Edward Winkleman posted a short essay on Saturday, which, in short, claims that the future of the art world is in fact the present of the art world. Citing Barack Obama, Winkleman ties the conventional wisdom about the impact of the internet on contemporary society to the current diaspora of the art world. While the underlying premise is not particularly new or insightful, it was a point that needed to be made: art world observers still looking for “the next big thing” need to take a deep breath and accept that fragmentation is here to stay; and this is, in fact, “the next big thing.” This isn’t a crisis, it’s just a way of being. Winkleman catalogs the effects our database-driven culture is having on the art scene, from curating to collecting to artmaking, and announces that these ripples will only expand as time marches on. What this means is that those looking for a new style or idea to dominate contemporary art culture will be disappointed. Poststructuralism is here to stay, and we’ve only begun to tap its implications.

Fair enough, but I think there’s another point to made here (which is perhaps just a shift in emphasis). Winkleman’s essay focusses on the anachronism, contrasts, and tension bred by a process that revels in referencing the Old Masters alongside contemporary pop culture, in drawing improbable threads through history. He emphasizes the information gathering, the cataloging, the futile but fascinating battle against being overwhelmed by the shear amount of information available to us.

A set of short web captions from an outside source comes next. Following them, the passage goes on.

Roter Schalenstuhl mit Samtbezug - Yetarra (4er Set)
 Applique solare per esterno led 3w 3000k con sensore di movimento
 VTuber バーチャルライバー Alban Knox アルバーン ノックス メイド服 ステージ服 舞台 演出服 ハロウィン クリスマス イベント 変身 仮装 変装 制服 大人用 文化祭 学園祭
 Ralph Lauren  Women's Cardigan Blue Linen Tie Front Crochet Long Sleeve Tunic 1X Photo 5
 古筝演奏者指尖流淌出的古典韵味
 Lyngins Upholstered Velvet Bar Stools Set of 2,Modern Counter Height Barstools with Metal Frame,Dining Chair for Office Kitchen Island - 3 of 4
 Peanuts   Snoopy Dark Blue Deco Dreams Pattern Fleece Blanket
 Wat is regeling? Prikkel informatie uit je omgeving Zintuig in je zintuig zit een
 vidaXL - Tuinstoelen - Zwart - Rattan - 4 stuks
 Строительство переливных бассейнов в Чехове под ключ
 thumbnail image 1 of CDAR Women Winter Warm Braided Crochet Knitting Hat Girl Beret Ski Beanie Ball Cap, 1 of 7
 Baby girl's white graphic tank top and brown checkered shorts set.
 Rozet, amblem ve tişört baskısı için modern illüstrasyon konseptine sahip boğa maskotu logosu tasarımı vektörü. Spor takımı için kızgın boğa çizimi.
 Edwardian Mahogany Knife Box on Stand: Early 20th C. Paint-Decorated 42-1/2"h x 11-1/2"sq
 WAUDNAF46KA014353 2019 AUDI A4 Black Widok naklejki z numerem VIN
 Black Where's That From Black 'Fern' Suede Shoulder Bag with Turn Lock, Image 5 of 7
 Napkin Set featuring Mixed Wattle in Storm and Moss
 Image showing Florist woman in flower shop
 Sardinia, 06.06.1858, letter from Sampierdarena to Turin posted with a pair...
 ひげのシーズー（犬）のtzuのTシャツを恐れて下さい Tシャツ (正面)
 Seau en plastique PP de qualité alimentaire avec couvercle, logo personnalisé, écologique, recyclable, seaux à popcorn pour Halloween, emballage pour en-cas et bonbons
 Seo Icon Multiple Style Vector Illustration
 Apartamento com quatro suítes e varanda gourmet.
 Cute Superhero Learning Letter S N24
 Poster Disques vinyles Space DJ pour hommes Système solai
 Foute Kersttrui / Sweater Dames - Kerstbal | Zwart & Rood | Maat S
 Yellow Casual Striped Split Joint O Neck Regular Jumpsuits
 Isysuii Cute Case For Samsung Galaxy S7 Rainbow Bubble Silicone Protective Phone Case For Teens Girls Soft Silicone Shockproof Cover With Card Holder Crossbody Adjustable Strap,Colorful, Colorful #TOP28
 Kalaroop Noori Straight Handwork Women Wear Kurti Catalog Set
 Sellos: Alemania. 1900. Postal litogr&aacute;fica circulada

But I think what’s most interesting about our current moment is the ways in which it potentially frees us from these obsessive chases, and actually opens up space for more genuine personal interactions. That might sound counter-intuitive at first, but the fact that there’s no longer a dominating formal or conceptual framework allows us to experience art on more personal terms. As a society, we may no longer reject certain styles of work as “unserious” — we may be forced to accept abstract expressionism alongside minimalism alongside realism alongside surrealism ad nauseum; but as individuals we are more free to just focus on the work that reaches us, rather than struggling to understand paint splatters because Greenberg told us to. And whatever style happens to appeal to you, whether it’s Mark Bradford, Walt Disney, Johathan Ive, Cecil Taylor, Bernard Leach or Outkast, there’ll be plenty of opportunities to make personal connections with others who care about the objects of your quirky taste. We can be more sincere about art if we allow ourselves to be.

So while Winkleman moves toward the conclusion that “art by concensus” will come into vogue, I’m more interested in how much more habitable the long tail is becoming: there are those of us interested in making the connections between styles and disciplines; and there are those whose myopic focus we leach off of to make our broad connections. For both groups, the world is becoming a , if more fragmented.